I recently purchased the joyetech evic AIO, and after a short while ended up buying a joyetech ultimo tank because it was performing very poorly, even after trying two or three of the coils it came with. Although its been a lot better than before, after two or three days I still feel that I may be doing something wrong, as the flavour barely comes through, and there's often a burnt taste along with it. I'm using the MG clapton coil it comes with, and running it a 40W (any higher and it always burns) in the mode with the clock and power setting.

Not sure if something's wrong in the settings of the device, or what, and I was hoping someone could help me.

Kyle


----------



## Schnappie (8/1/17)

Hi there

I have found the ultimo suffers badly from an airlock problem, with both the ceramic and the clapton coils.

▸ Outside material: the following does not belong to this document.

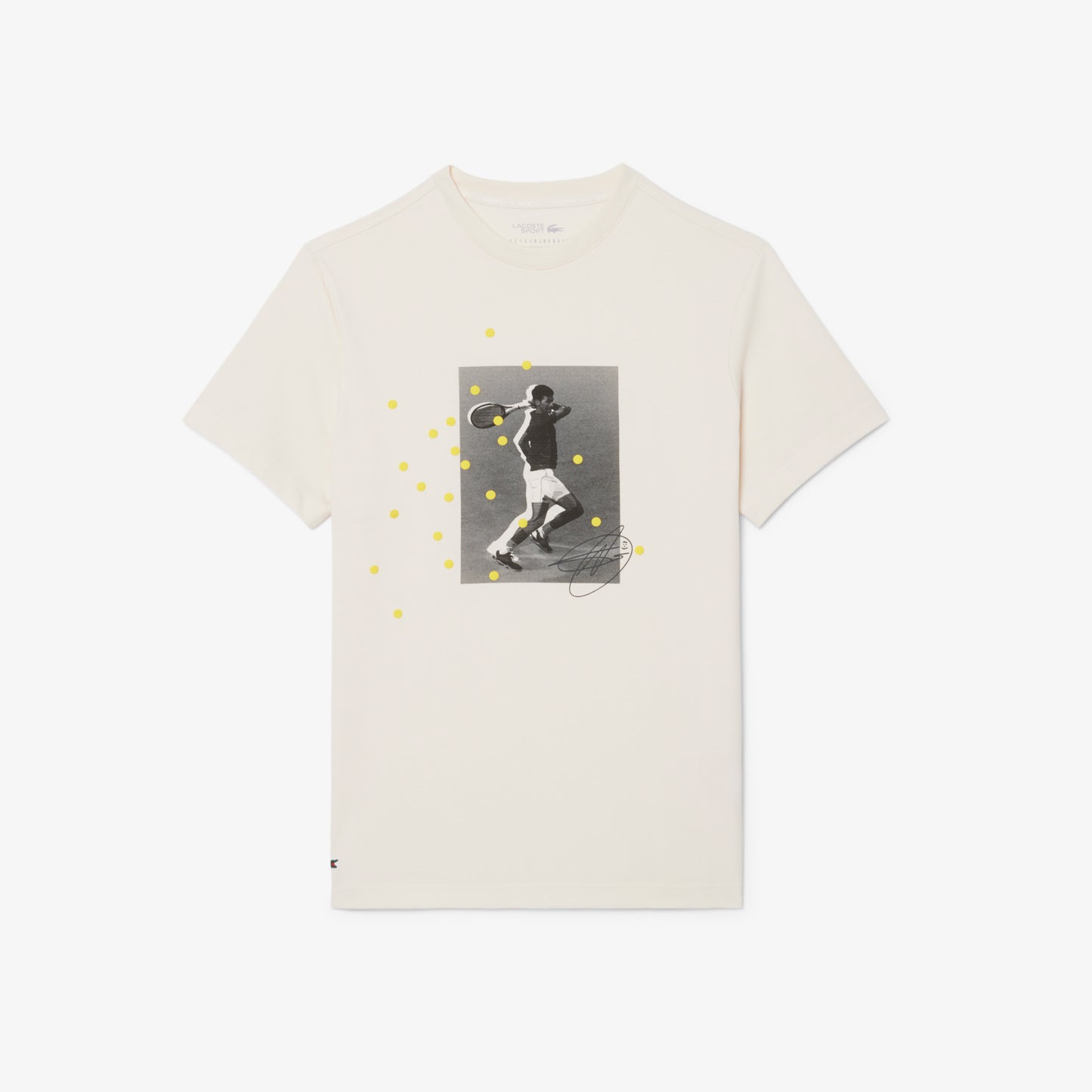 Camiseta Gráfica Lacoste Tennis X Novak Djokovic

What you can do is just twist the topcap of the tank till u see bubbles come out and then vape like that. It is a pain in the bum because then the tank leaks a bit. One thing you can also try, which I didnt yet is by only priming the coil in the wicking holes, not down the middle of the coil, fill up your tank and let it soak for 10 min or so. Then work your way up from 20watts till you find your sweet spot. As soon as you taste the flavour fading open the topcap a little to see if bubbles appear from the coil juice holes

Reactions: Like 1 | Useful 1


----------



## SparMan (9/1/17)

Hi Schnappie, thanks for your reply.

I tried this, and it's improved somewhat in terms of the burning but the level of flavour I was hoping for is still not there, the leaking is a bit much and now it bubbles and spits a fair amount. Quite a nuisance that one would have to do something like that to get what is expected out of a product.

Anyway, thanks again for your help.


----------



## Jos (10/1/17)

Check that all the o-rings are still in tact and not torn - if it doesn't seal properly there would be no vacuum and thus no juice fed into the coil.

Also check that the coil is screwed in properly - the o-ring on the coil is rather thick and it requires a bit of effort to ensure that it is screwed all the way down.

I have been using the Ultimo with both the Claptons and Ceramic coils and have not had any airlock issues.


----------